The trip up to the plantation was very long and up some really steep and narrow roads (yes all paved), Hilda who was our tour guide did a great job of pointing out various sites along the way. I was really glad to have Hilda driving, because I’ve driven up those same narrow curvy mountain roads to the organic farm Cielo Verde in the mountains of Mayaguez where we buy produce and did such a bad job last time that my mother swore off ever going up the mountain again (so needless to say she wasn’t amused when she agreed to accompany me on this tour and was forced to another drive up the mountain).
Once we reached our destination at Hacienda Palma Escrita (Cafe la Casona) in the mountain town of Marias we were treated to an extremely informative tour about the production of coffee. This Hacienda is a working hacienda and harvests coffee about 7 months out of the year. We got to see Arabica coffee growing on the trees, then we got to see the actual production facility, as well as the coffee beans in various stages from raw to roasted…it was really interesting, and I had no idea that after you peeled off the skin the coffee had to be cleaned, dried and roasted. The process was really intricate. I also got to understand how much the flavor of coffee is influenced by weather, ratio of sun to shade, temperature, precipitation and handling/production methods. It was almost as detailed as deciphering the different nuances in vintages of wine!

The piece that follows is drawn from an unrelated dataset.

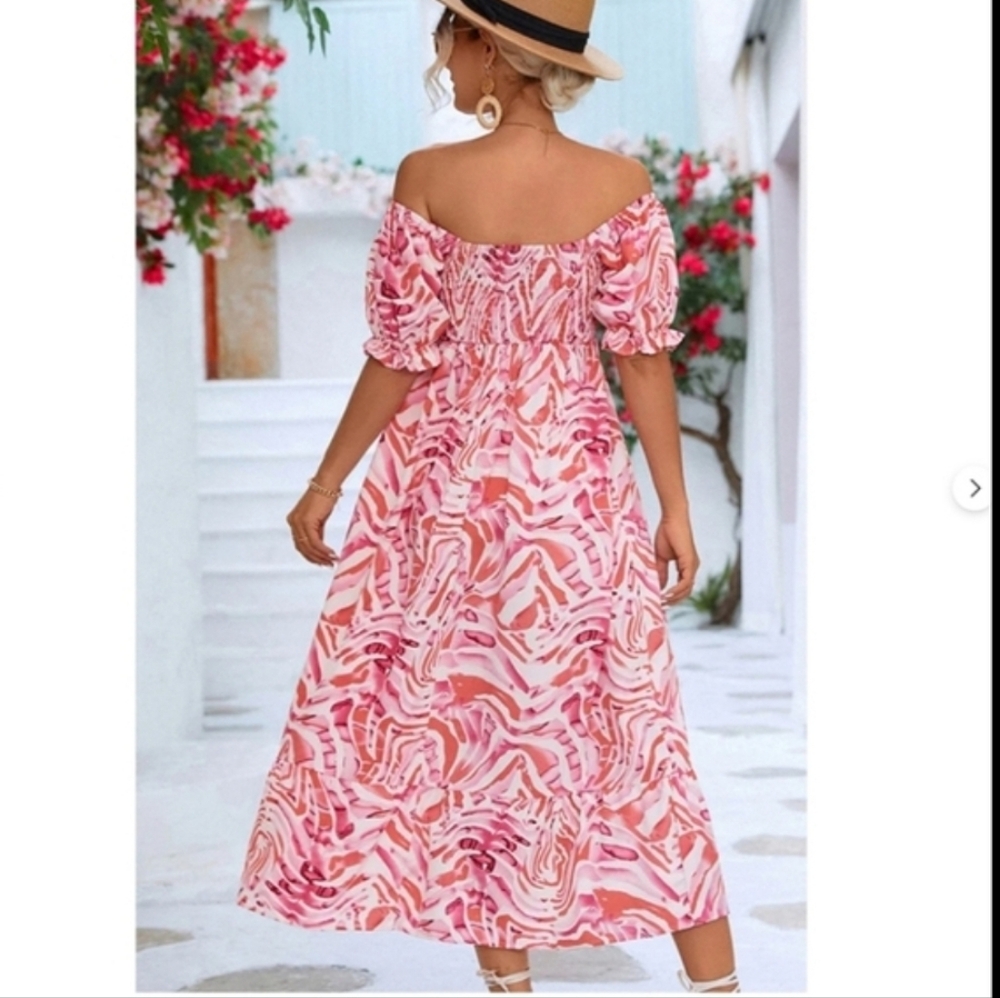 BeachSissi Smocked On or Off The Shoulder Midi Dress in Pink Swirl Sz S NWT - Picture 2 of 15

A tasting at the hacienda further confirmed the level of complexity of the coffee production process, there is a difference in depth of flavor from coffee brewed from 100% arabica beans and coffee brewed from a mix of arabica and robusta beans (robusta beans are considered less desirable than arabica but still yummy to me)…also different harvests produced subtly different flavors. I was in coffee heaven. This coffee was strong, but slightly sweet and smooth as silk. It was possibly the best coffee I’ve ever had! I told the owner that I own a Bed and Breakfast, Catskill Maison, and that I would be very interested in featuring her coffee on our breakfast table as well as in our wine bar once it’s constructed. I am so excited to have made this contact, we are incredibly committed in supporting local farmers and their products whenever possible, and there are clearly no coffee plantations in the Catskills, to have the ability to feature coffee from a local farmer, that is freshly harvested is a dream come true. Look for different blends from Cafe Casona produced specifically for Catskill Maison in the near future…this isn’t coffee that you can get from your local grocery store!